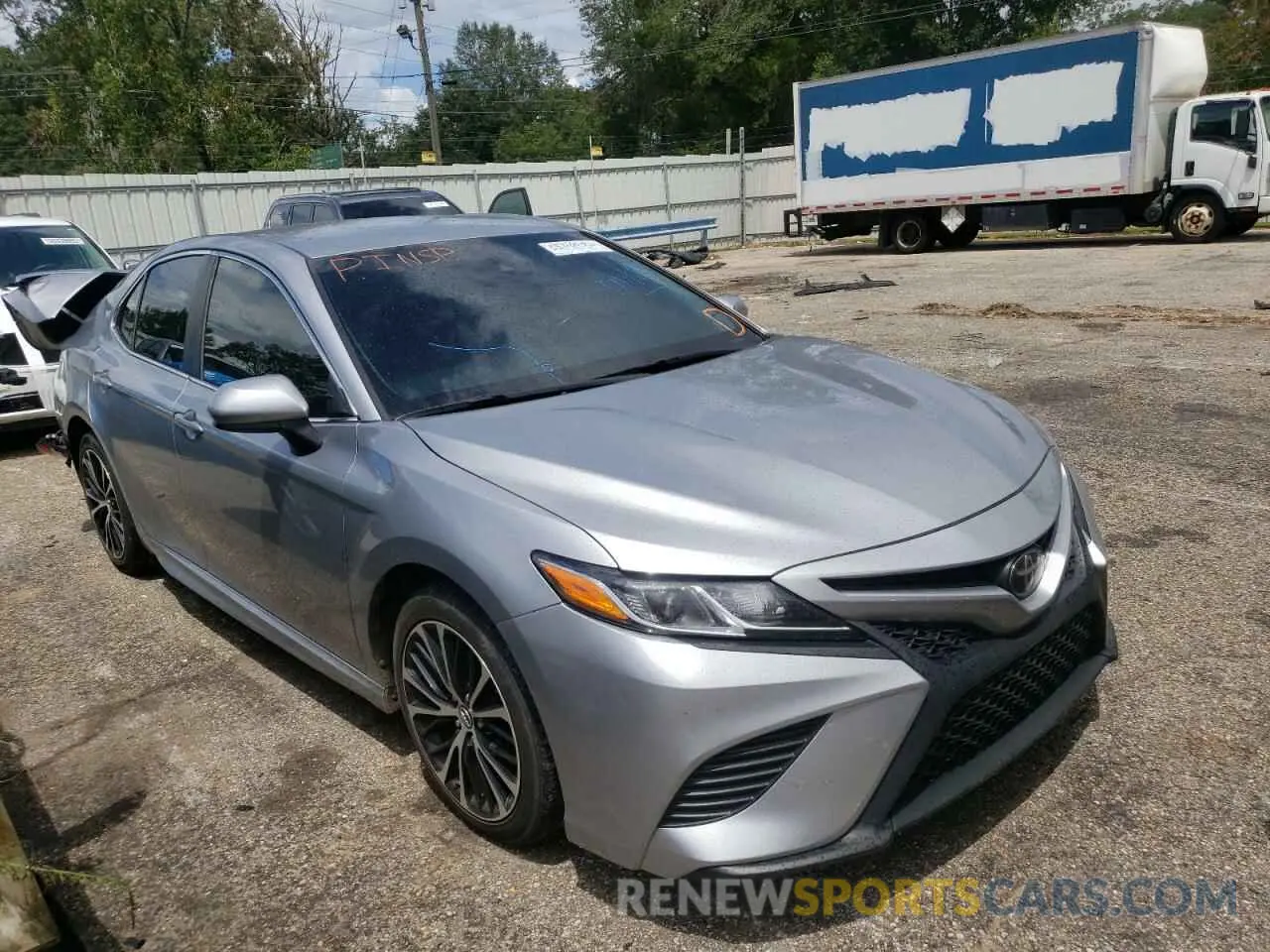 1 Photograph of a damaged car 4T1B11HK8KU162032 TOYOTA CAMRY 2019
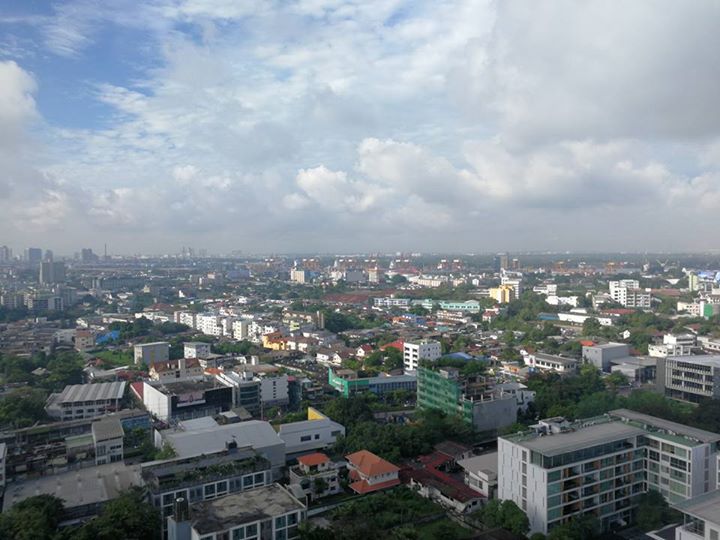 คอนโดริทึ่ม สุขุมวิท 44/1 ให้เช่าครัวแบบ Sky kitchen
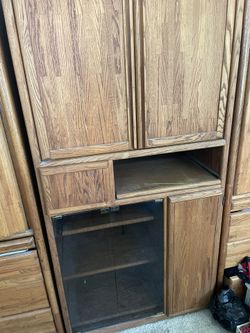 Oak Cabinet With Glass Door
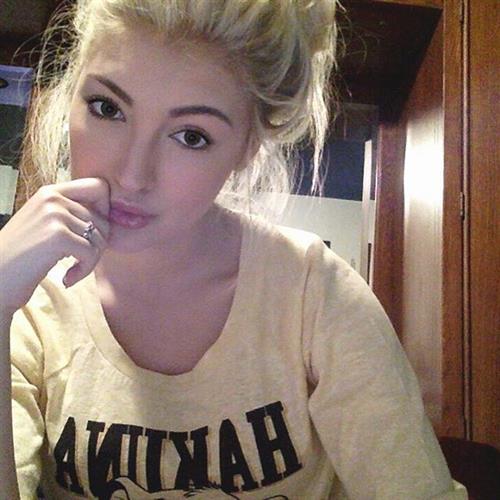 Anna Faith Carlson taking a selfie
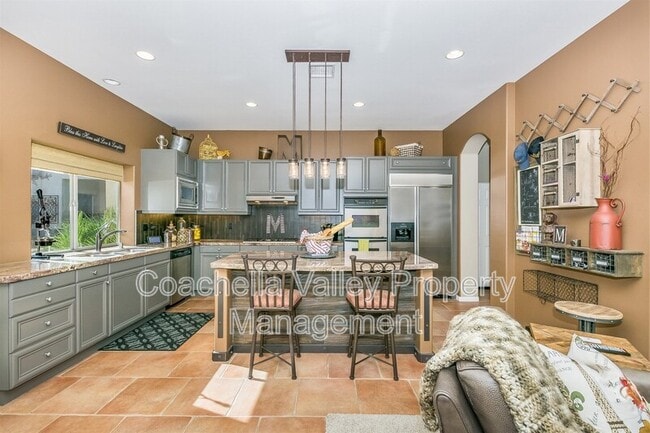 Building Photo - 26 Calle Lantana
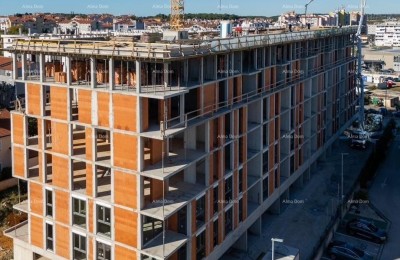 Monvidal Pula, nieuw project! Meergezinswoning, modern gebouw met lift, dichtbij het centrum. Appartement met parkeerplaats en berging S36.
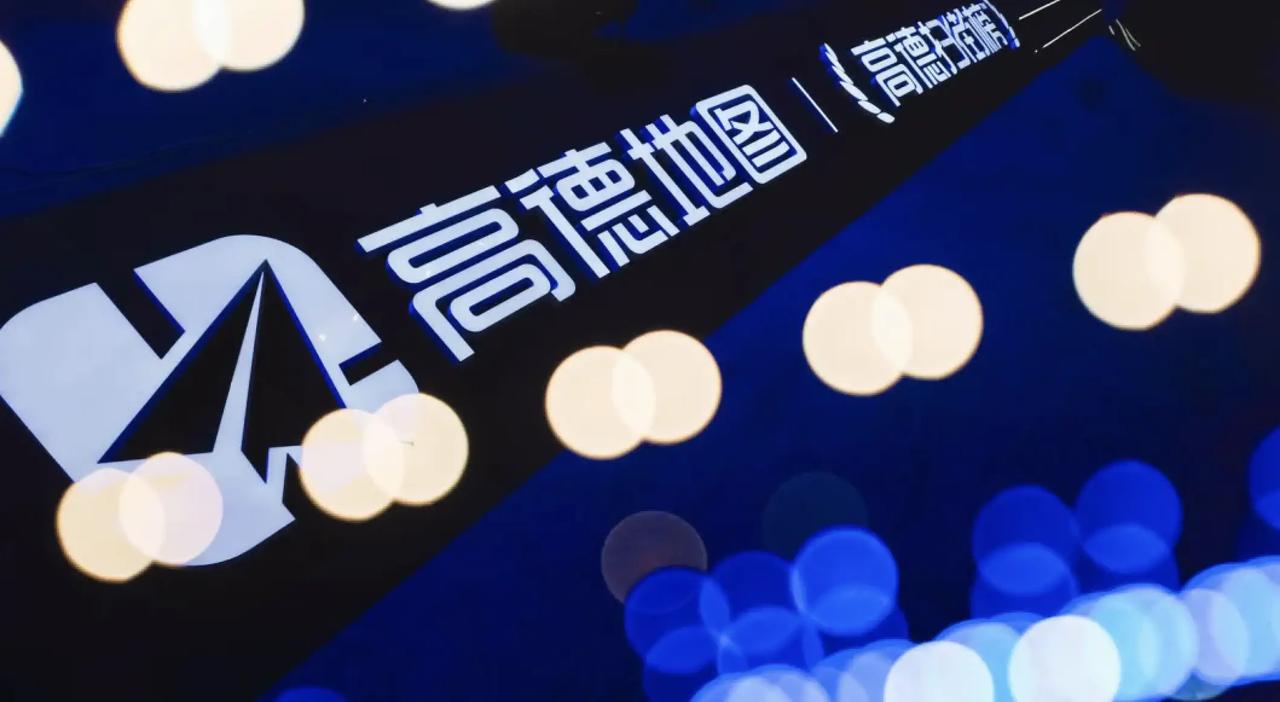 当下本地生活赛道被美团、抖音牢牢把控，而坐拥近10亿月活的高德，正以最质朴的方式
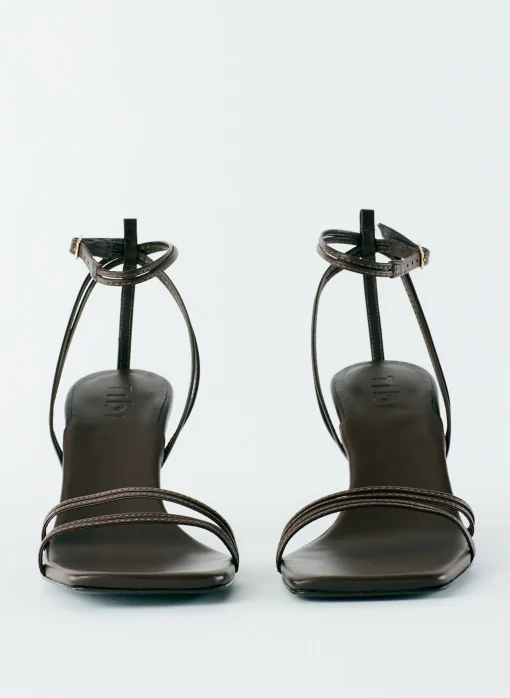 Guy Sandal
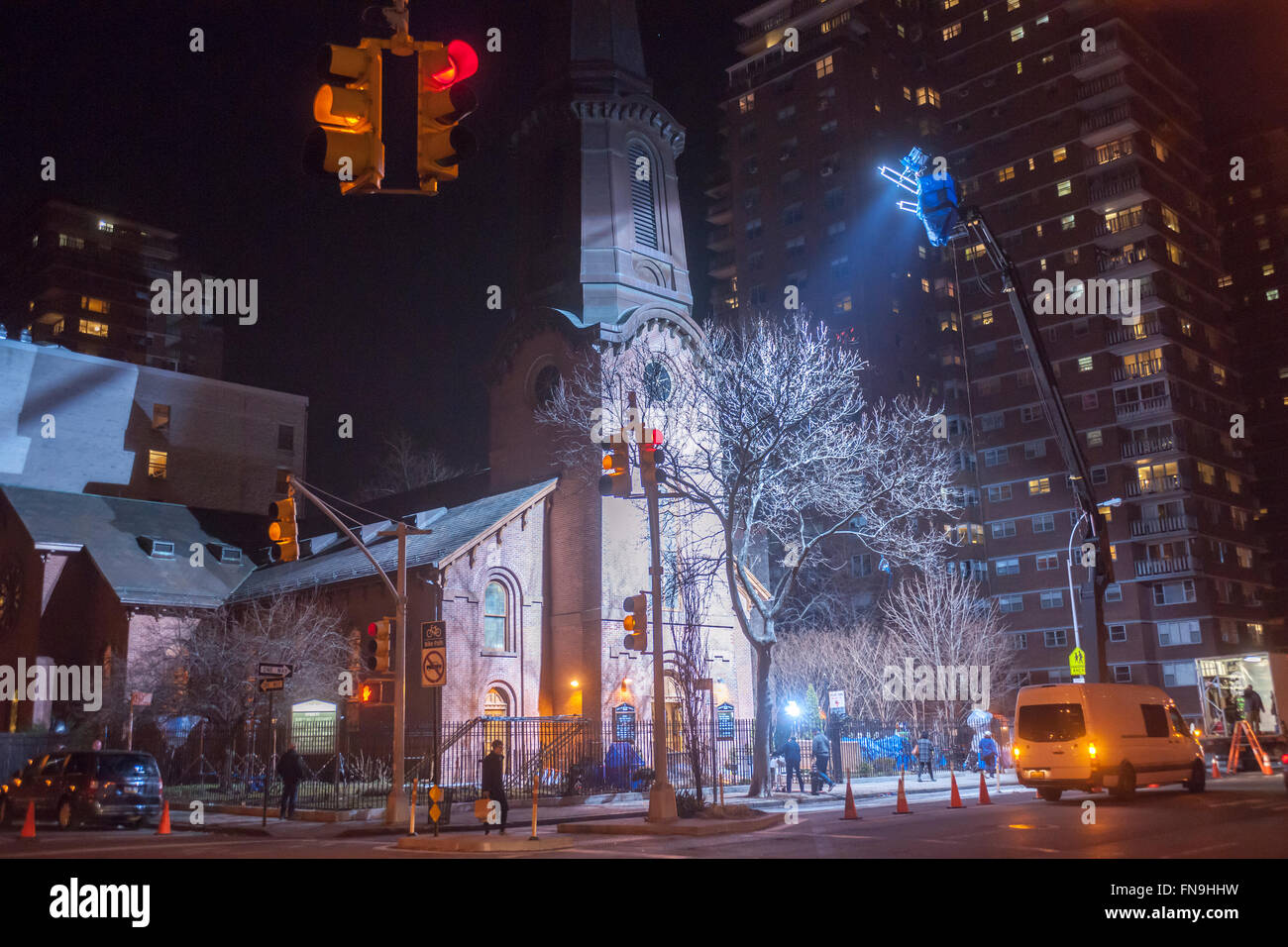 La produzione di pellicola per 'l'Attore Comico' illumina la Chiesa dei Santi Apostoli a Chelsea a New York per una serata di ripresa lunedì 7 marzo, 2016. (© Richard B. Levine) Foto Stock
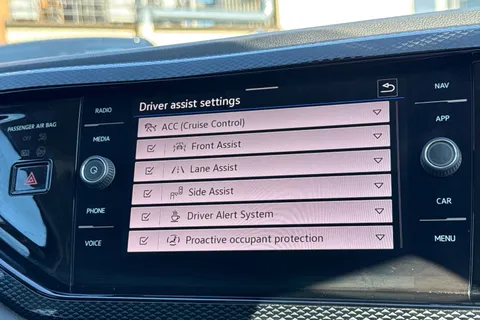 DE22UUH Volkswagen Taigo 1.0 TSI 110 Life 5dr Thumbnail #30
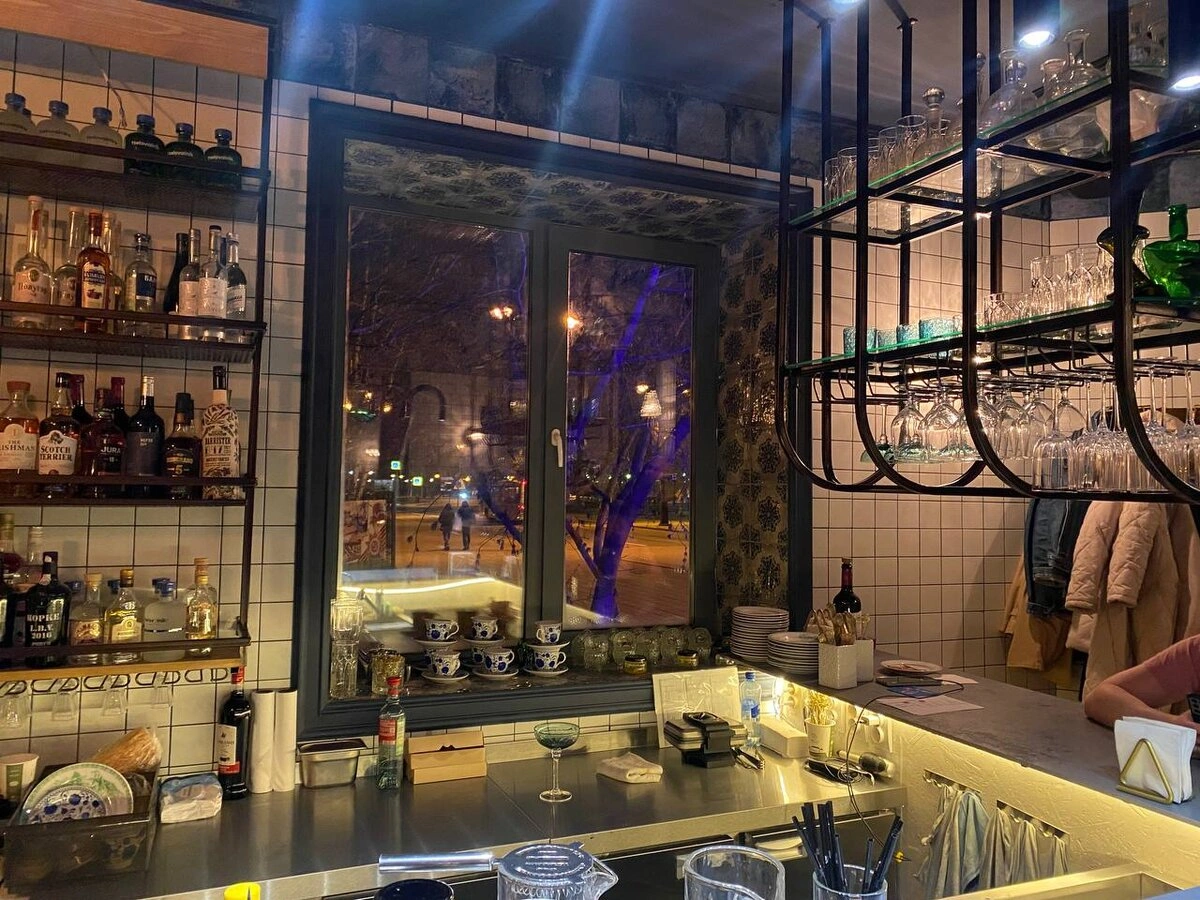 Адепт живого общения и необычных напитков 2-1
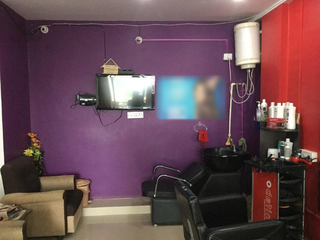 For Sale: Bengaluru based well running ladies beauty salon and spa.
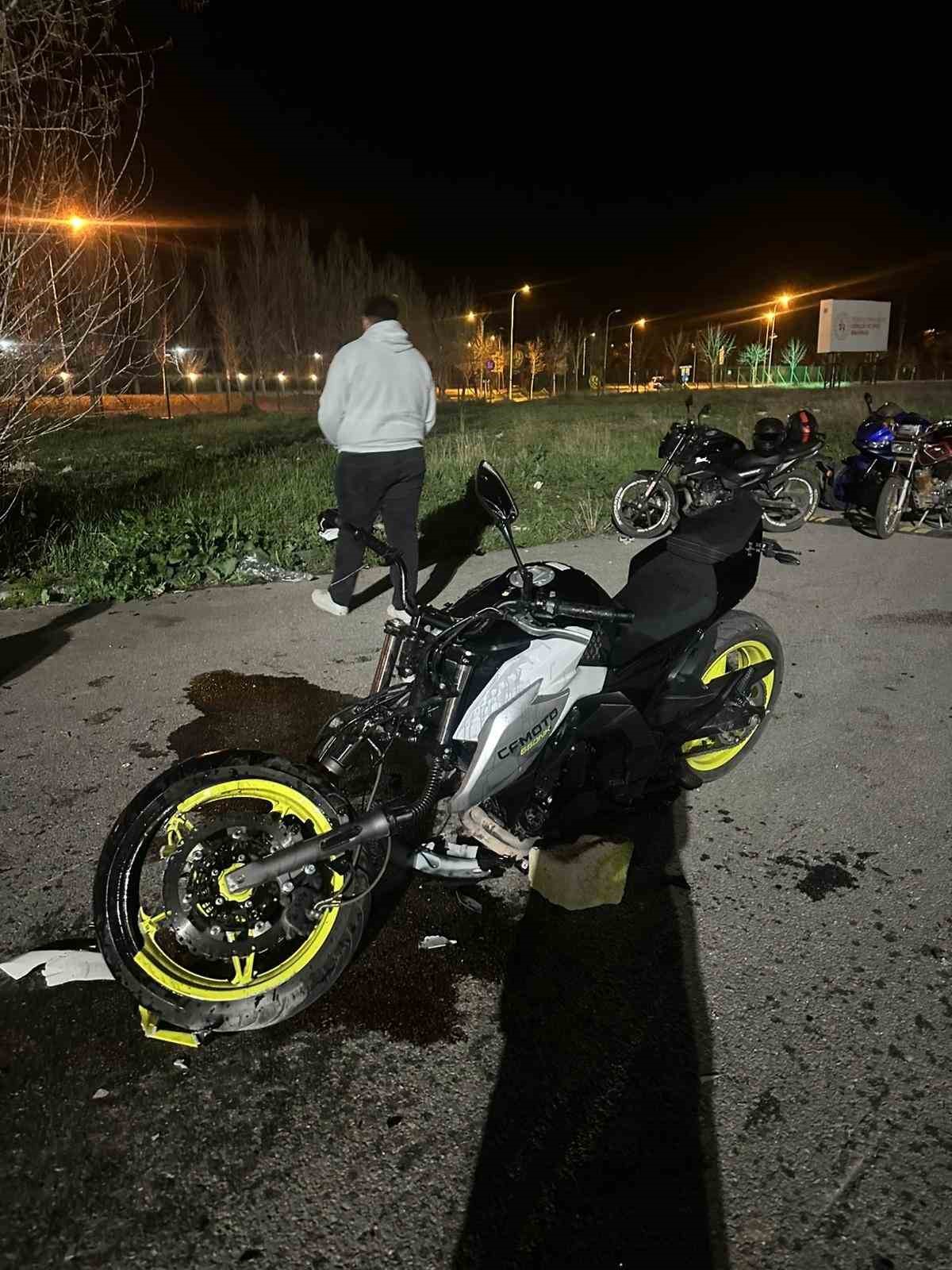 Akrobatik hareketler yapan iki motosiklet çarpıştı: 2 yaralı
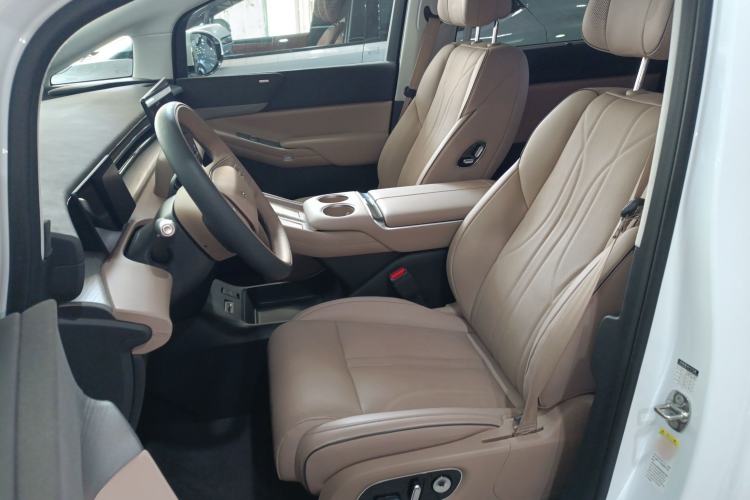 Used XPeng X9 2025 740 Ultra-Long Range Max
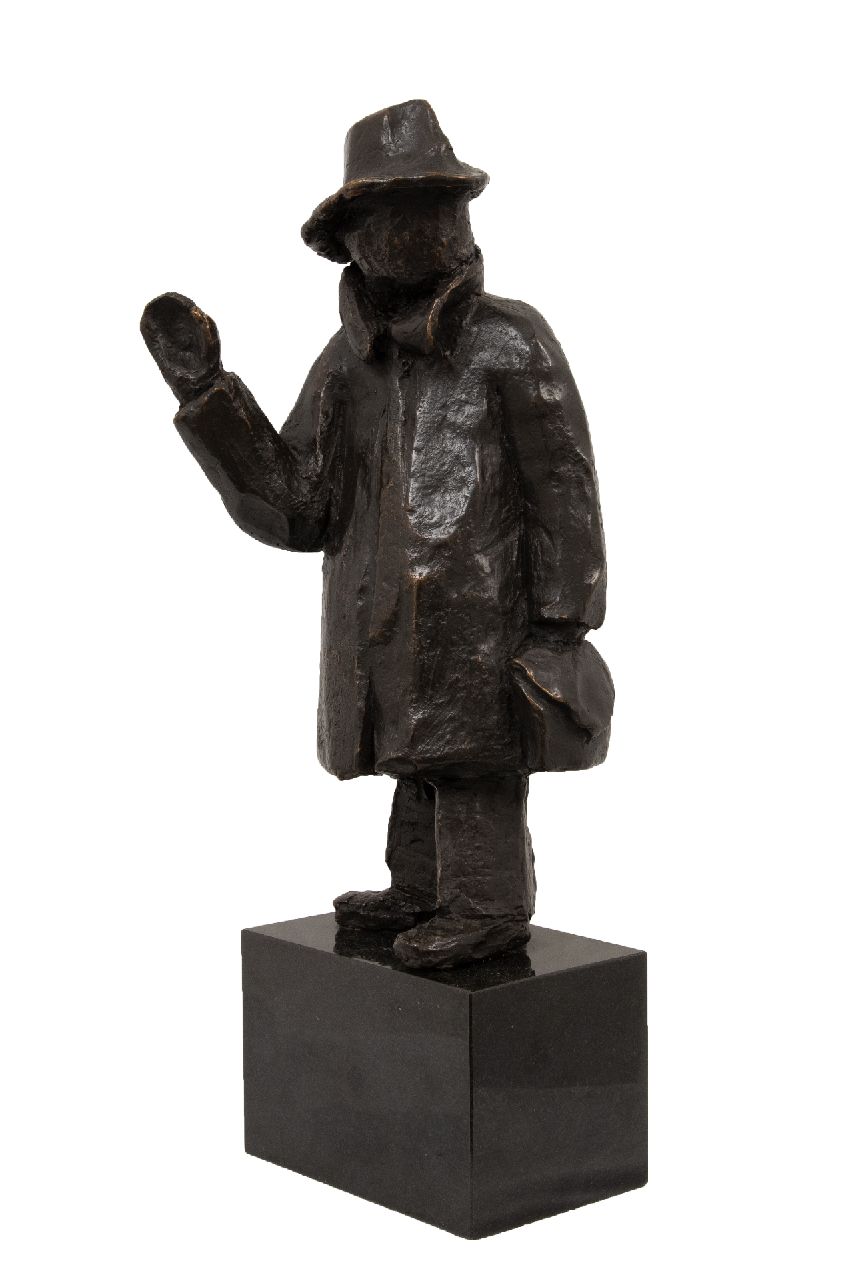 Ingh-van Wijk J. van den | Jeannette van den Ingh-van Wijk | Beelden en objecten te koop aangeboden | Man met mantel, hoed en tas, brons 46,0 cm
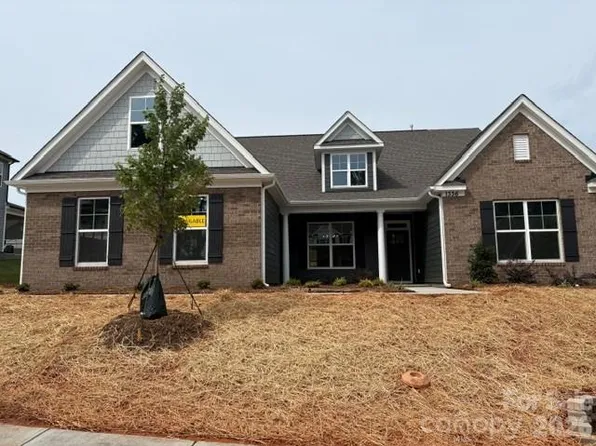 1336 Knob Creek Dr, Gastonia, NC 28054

| What you are asked to do |
Repeat each line above exactly as it reads, omitting any pictures.

| Result of this exercise |
 1 Photograph of a damaged car 4T1B11HK8KU162032 TOYOTA CAMRY 2019
 คอนโดริทึ่ม สุขุมวิท 44/1 ให้เช่าครัวแบบ Sky kitchen
 Oak Cabinet With Glass Door
 Anna Faith Carlson taking a selfie
 Building Photo - 26 Calle Lantana
 Monvidal Pula, nieuw project! Meergezinswoning, modern gebouw met lift, dichtbij het centrum. Appartement met parkeerplaats en berging S36.
 当下本地生活赛道被美团、抖音牢牢把控，而坐拥近10亿月活的高德，正以最质朴的方式
 Guy Sandal
 La produzione di pellicola per 'l'Attore Comico' illumina la Chiesa dei Santi Apostoli a Chelsea a New York per una serata di ripresa lunedì 7 marzo, 2016. (© Richard B. Levine) Foto Stock
 DE22UUH Volkswagen Taigo 1.0 TSI 110 Life 5dr Thumbnail #30
 Адепт живого общения и необычных напитков 2-1
 For Sale: Bengaluru based well running ladies beauty salon and spa.
 Akrobatik hareketler yapan iki motosiklet çarpıştı: 2 yaralı
 Used XPeng X9 2025 740 Ultra-Long Range Max
 Ingh-van Wijk J. van den | Jeannette van den Ingh-van Wijk | Beelden en objecten te koop aangeboden | Man met mantel, hoed en tas, brons 46,0 cm
 1336 Knob Creek Dr, Gastonia, NC 28054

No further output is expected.